2021 Volume 30 Issue 2 Pages 75-78
We report two cases of superior mesenteric artery syndrome (SMAS) after Y-Graft replacement (Y-GR) for a juxta-renal abdominal aortic aneurysm (jAAA).
Case 1 was a 70-year-old man referred to our department for jAAA surgery (maximum jAAA diameter, 48 mm). Y-GR was performed and required clamping of the supra-renal aorta. At 10 postoperative days (POD) he vomited and developed potential postoperative ileus. Computed tomography (CT) and upper gastrointestinal fluoroscopy (UGF) revealed an expanded duodenum with severe stenosis of the horizontal portion. On the basis of the interposition of the stenotic duodenum between the superior mesenteric artery and the prosthesis overlap with the aneurysmal wall, he was diagnosed with SMAS. Although a gastrojejunal bypass operation was considered, his symptoms gradually improved and he was discharged at 39 POD. Case 2 was an 80-year-old man admitted to our institute for jAAA surgery (maximum diameter, 76 mm). The patient underwent Y-GR with clamping of the infra-renal aorta.

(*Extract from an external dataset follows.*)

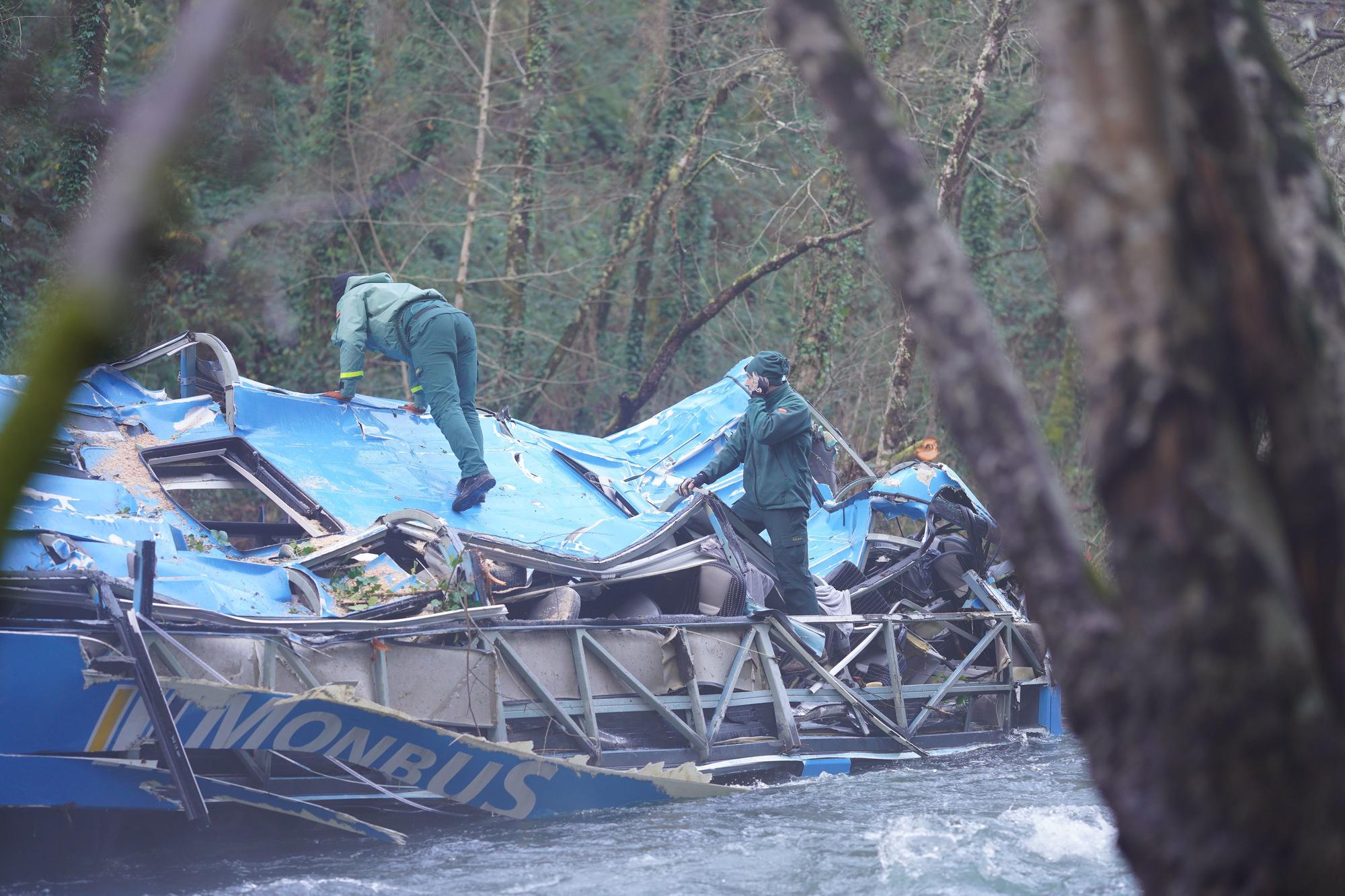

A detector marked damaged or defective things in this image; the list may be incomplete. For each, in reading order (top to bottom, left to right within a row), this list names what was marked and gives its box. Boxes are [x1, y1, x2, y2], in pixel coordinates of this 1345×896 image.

broken window frame [141, 438, 342, 543]
overturned vehicle [0, 333, 1060, 844]
crushed blue bus [0, 333, 1060, 844]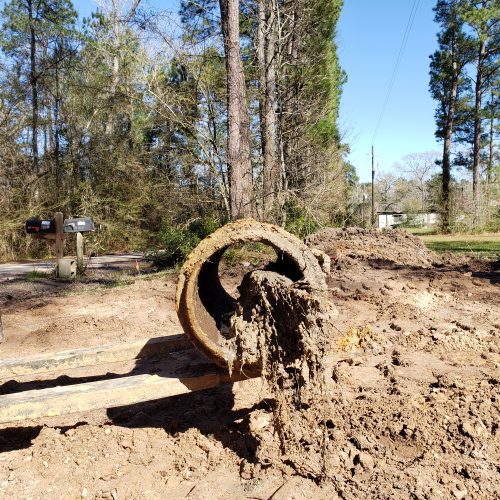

He vomited at 8 POD. CT and UGF showed severe stenosis in the horizontal portion of the duodenum. He was diagnosed with SMAS based on similar findings to case 1. Following persistent conservative treatment (based on our experience from case 1), his symptoms gradually improved and he was discharged at 49 POD. These cases of postoperative SMAS may be related to surgical manipulation of tissue and organs around the supra-renal aorta and we can do conservative treatment for SMAS.